• _Your task_
What you return must match the listing below exactly, minus any pictures.

• _Data section_
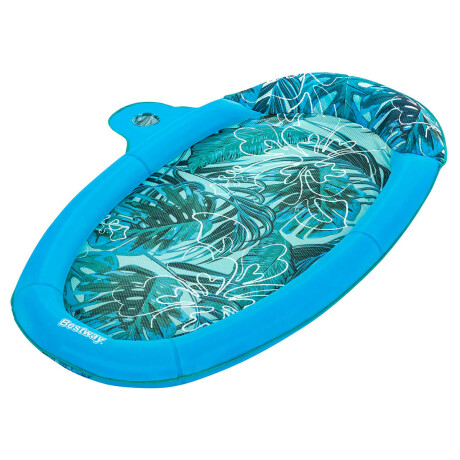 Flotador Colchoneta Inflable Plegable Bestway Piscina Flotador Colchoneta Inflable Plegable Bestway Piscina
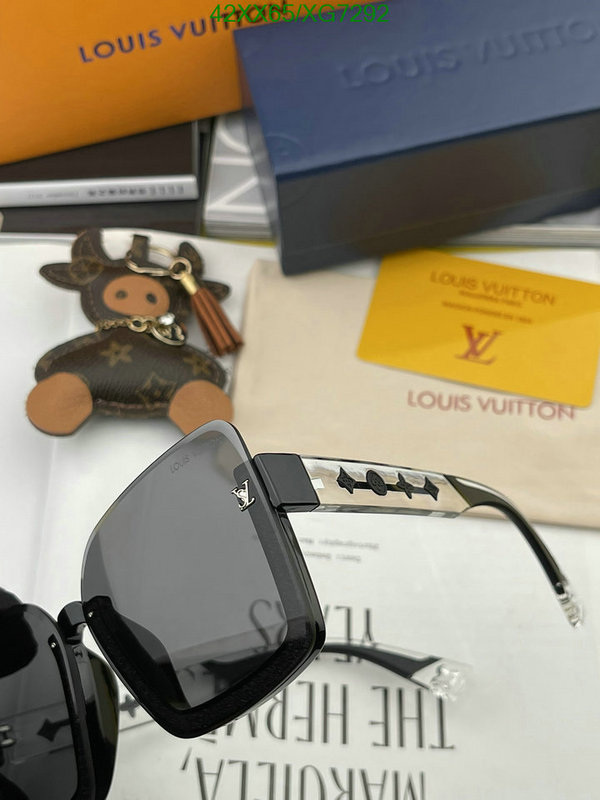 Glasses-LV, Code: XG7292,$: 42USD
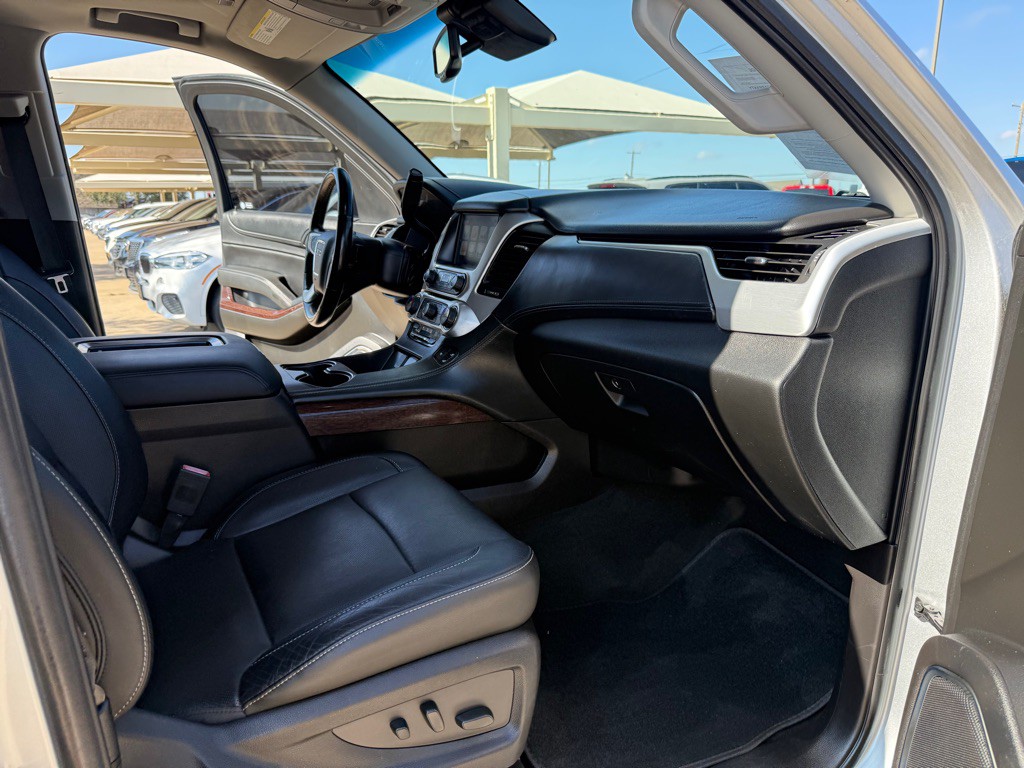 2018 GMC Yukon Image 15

• _Task answer_
 Flotador Colchoneta Inflable Plegable Bestway Piscina Flotador Colchoneta Inflable Plegable Bestway Piscina
 Glasses-LV, Code: XG7292,$: 42USD
 2018 GMC Yukon Image 15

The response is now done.